In 1925, McKinsey founded his own consultancy firm James O. McKinsey & Company, in Chicago, where he served as senior partner until 1935. Although he was promoted by the University of Chicago to full professor in 1926, because of his business obligations, McKinsey taught only two courses at Chicago starting in 1928. In 1935, Chicago department store Marshall Field & Company retained McKinsey's services to resolve financial difficulties, specifically $12 million lost since 1930 and a loan repayment of $18 million. After sending 12 consultants to review 752 stores in 32 states, factories, and wholesalers, McKinsey recommended that Marshall Field should limit its business to retail, sell its factories, and end wholesaling. Marshall Field's board offered McKinsey the job of chair and chief executive, and McKinsey accepted the offer in October 1935. While leading Marshall Field, McKinsey also sat on the boards of Kroger, the Armour Institute of Technology, and other businesses and organizations.

For his eponymous company, McKinsey named Andrew Thomas Kearney managing partner of the Chicago office. In 1936, McKinsey was also elected chairman of the American Management Association.

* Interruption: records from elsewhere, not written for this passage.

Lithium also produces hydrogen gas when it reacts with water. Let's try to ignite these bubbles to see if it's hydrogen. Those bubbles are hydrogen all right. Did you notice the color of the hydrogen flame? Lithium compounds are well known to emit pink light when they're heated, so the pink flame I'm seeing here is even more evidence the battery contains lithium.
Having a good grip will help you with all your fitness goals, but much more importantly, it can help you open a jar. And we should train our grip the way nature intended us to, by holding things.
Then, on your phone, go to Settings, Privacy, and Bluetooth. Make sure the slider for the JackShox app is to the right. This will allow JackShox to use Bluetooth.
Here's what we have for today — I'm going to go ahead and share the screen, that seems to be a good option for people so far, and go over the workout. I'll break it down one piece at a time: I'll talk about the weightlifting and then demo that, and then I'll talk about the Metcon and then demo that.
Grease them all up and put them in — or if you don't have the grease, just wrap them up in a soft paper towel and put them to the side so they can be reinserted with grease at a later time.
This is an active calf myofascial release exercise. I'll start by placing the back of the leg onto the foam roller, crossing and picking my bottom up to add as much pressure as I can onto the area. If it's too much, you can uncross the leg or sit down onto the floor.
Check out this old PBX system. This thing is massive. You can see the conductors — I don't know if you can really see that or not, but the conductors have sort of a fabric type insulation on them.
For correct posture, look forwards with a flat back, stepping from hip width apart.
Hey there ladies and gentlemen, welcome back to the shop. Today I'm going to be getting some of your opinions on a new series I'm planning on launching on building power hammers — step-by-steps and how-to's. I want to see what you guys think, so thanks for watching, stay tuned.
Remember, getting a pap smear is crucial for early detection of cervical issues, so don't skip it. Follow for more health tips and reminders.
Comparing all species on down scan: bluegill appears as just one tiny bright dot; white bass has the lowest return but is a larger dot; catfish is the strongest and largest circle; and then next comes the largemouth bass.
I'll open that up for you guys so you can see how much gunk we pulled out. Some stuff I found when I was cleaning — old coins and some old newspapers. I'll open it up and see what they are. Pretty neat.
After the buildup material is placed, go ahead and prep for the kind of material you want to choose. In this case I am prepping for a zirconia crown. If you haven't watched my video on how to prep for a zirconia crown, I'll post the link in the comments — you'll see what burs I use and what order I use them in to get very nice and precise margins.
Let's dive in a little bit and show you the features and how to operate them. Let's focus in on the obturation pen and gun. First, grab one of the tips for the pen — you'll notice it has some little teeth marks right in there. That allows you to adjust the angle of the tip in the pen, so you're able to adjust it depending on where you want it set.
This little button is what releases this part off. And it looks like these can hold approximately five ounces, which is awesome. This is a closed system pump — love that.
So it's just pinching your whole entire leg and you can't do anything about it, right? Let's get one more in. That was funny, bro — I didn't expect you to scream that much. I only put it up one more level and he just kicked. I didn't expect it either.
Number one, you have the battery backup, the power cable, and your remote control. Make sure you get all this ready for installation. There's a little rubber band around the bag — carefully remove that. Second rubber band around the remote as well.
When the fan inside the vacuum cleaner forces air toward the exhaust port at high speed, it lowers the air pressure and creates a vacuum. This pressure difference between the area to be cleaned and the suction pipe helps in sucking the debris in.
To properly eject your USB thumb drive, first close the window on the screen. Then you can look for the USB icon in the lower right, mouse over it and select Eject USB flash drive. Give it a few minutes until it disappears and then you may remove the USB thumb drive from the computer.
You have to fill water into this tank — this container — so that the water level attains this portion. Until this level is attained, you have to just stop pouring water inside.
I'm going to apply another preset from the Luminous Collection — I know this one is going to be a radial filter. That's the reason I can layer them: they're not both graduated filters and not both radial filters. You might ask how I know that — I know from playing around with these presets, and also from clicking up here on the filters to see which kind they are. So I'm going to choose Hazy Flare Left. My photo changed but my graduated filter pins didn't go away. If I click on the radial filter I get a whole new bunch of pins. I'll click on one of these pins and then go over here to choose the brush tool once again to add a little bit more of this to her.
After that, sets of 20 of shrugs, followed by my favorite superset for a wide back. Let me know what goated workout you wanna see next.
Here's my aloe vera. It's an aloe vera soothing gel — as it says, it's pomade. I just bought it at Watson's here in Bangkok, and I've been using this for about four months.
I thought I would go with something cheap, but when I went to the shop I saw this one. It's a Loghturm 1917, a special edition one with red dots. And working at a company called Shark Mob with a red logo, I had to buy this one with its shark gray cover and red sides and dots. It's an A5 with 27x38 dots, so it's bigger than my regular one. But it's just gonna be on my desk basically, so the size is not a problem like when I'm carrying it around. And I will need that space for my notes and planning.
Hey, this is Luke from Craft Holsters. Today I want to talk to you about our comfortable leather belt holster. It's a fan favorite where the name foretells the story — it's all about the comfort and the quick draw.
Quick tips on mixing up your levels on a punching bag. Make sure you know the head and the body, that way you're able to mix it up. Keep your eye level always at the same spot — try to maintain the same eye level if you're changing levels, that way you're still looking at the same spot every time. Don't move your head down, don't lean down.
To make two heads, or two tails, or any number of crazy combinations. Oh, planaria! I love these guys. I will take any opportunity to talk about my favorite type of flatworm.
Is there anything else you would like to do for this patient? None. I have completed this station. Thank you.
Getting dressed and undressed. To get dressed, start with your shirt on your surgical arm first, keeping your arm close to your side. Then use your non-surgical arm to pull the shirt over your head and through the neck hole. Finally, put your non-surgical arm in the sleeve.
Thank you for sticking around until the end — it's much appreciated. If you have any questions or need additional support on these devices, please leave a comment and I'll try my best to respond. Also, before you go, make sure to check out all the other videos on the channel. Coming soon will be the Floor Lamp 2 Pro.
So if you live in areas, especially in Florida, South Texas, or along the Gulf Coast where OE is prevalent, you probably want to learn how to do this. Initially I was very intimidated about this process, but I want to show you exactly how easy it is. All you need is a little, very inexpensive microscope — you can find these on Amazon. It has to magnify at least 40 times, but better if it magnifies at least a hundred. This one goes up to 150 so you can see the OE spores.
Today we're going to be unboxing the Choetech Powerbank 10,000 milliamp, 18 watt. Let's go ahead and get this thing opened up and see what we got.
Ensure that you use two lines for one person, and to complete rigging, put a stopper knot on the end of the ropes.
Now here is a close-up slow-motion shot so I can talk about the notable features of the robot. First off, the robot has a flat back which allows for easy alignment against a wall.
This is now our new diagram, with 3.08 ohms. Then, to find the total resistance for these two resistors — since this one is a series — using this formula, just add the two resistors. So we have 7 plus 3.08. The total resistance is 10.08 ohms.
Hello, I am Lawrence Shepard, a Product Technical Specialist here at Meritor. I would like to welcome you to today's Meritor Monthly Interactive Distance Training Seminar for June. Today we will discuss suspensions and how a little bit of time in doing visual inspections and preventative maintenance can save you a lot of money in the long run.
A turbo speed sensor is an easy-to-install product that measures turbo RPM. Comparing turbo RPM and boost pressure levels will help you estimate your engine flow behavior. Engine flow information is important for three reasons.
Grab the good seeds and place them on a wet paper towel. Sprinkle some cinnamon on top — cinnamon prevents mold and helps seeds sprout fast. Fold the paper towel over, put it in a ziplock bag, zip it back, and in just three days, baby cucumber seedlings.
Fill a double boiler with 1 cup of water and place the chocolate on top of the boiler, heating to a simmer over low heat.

The History of Accounting: An International Encyclopedia explained that McKinsey "soon turned Marshall Field's red ink into profit, but he may have done so at the cost of his health. He died of pneumonia on November 30, 1937."

== Selected publications ==
- Hodge, Albert Claire & James Oscar McKinsey, Principles of accounting, Chicago, Univ. of Chicago Press, 1920.
- McKinsey, J.O. Bookkeeping and Accounting, Volume 1. Cincinnati: South-Western, 1920.
- McKinsey, J.O. Bookkeeping and Accounting, Volume 2. Cincinnati: South-Western, 1920.
- McKinsey, James O. Budgetary control. New York: The Ronald Press, 1922.
- McKinsey, James Oscar. Managerial Accounting. Vol. 1. University of Chicago Press, 1924.
- McKinsey, James O. Business Administration. South-Western Publishing Co, Cincinnati, Ohio 1924.